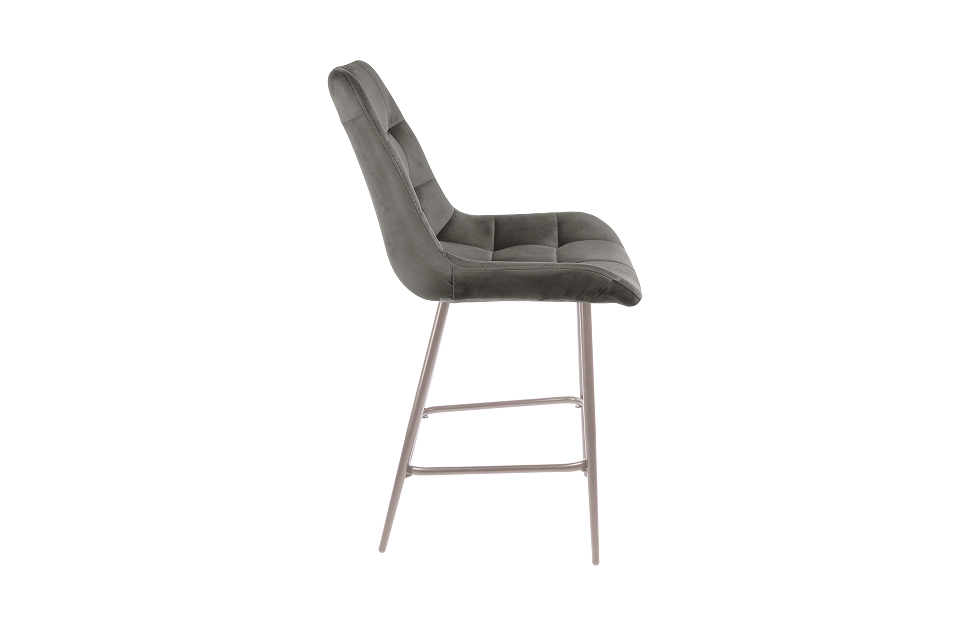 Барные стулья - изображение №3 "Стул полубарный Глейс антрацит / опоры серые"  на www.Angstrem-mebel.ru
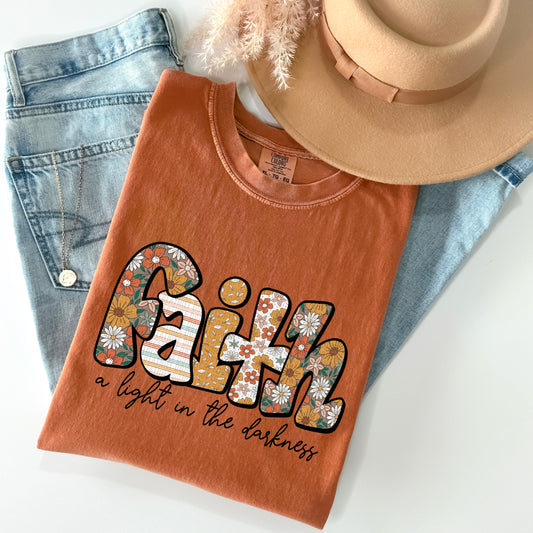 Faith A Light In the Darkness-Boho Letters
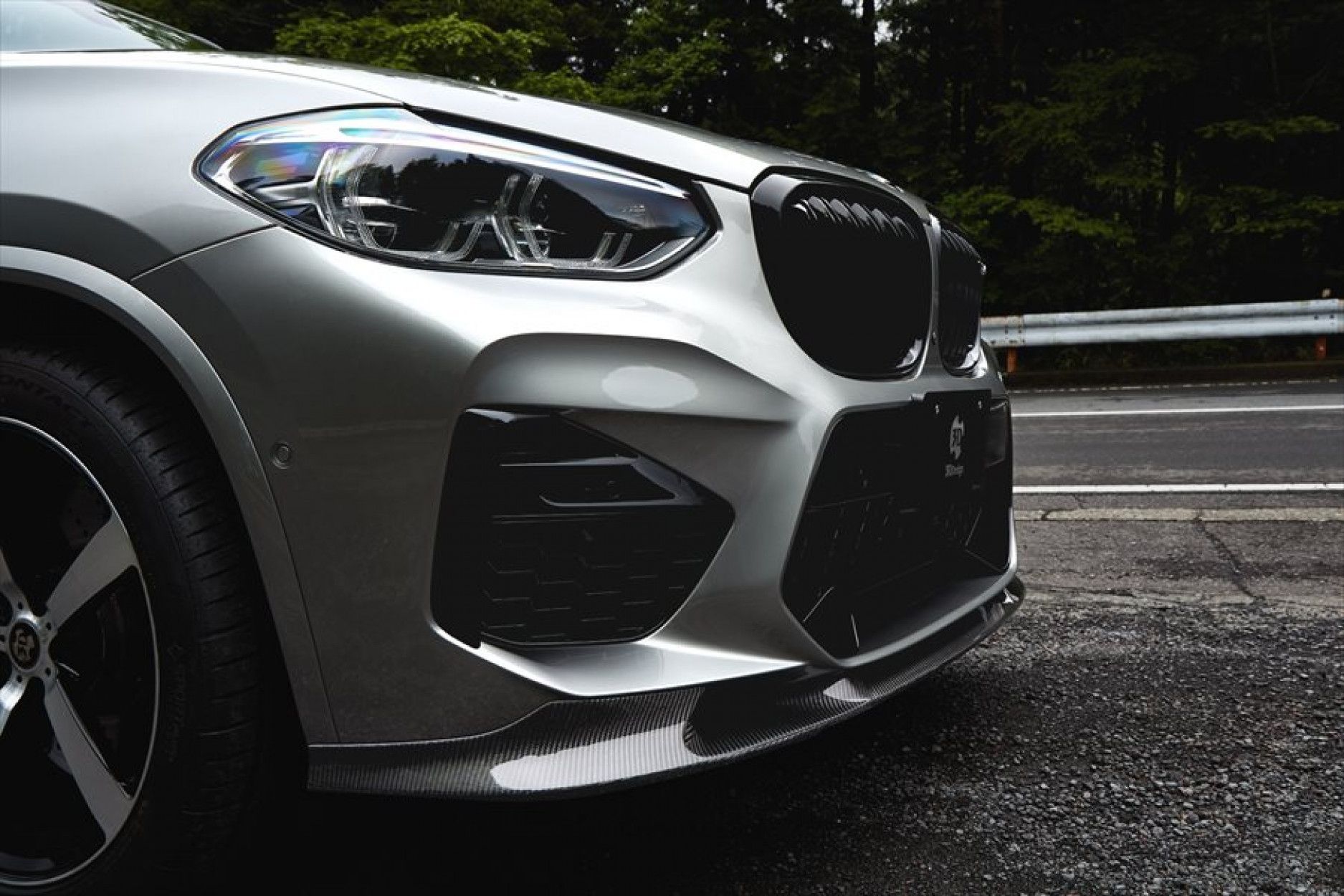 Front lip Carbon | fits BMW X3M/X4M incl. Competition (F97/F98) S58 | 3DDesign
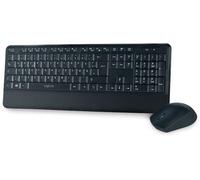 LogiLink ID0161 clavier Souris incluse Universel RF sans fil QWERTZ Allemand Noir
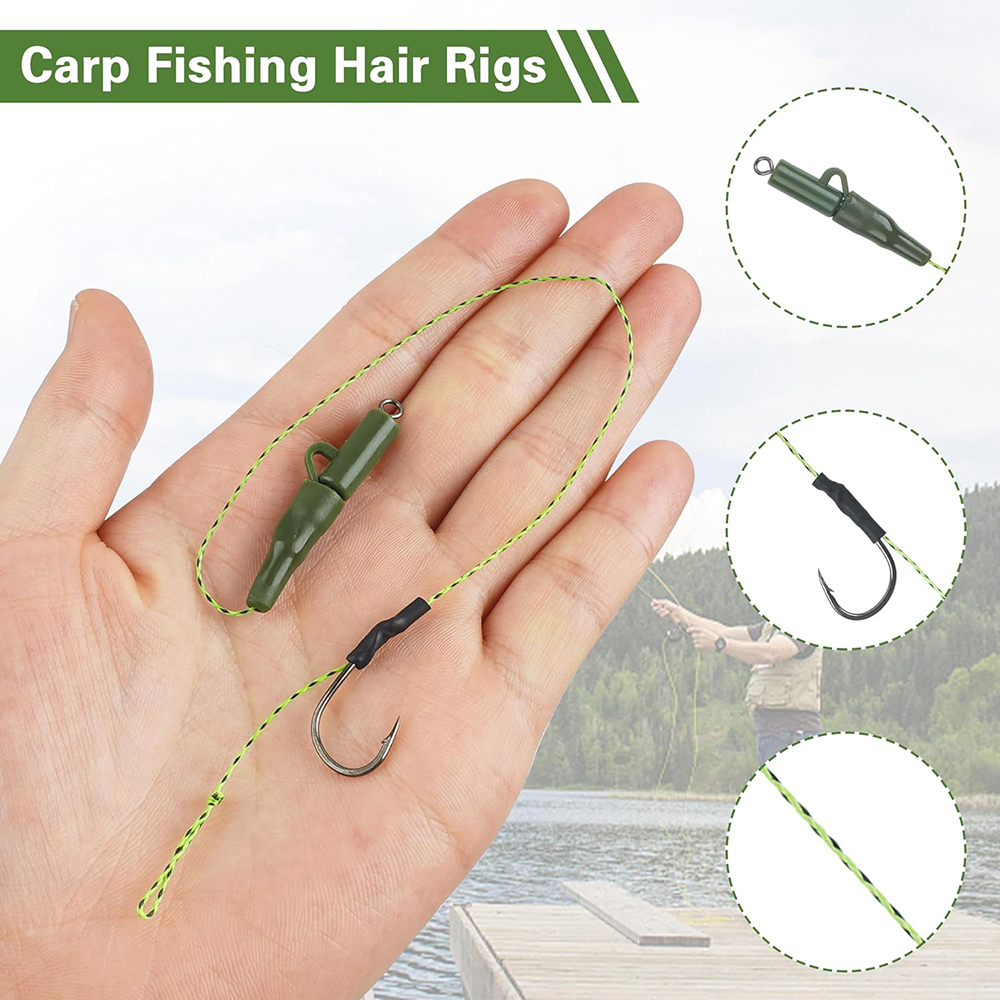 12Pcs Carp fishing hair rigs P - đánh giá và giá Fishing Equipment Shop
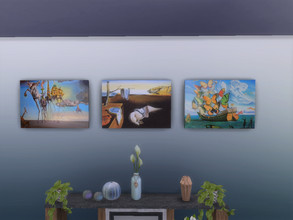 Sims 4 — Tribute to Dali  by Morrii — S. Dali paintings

What is expected:
Nothing but the pictures may be dropped; restate the material word for word.

Result of this exercise:
 Барные стулья - изображение №3 "Стул полубарный Глейс антрацит / опоры серые"  на www.Angstrem-mebel.ru
 Faith A Light In the Darkness-Boho Letters
 Front lip Carbon | fits BMW X3M/X4M incl. Competition (F97/F98) S58 | 3DDesign
 LogiLink ID0161 clavier Souris incluse Universel RF sans fil QWERTZ Allemand Noir
 12Pcs Carp fishing hair rigs P - đánh giá và giá Fishing Equipment Shop
 Sims 4 — Tribute to Dali  by Morrii — S. Dali paintings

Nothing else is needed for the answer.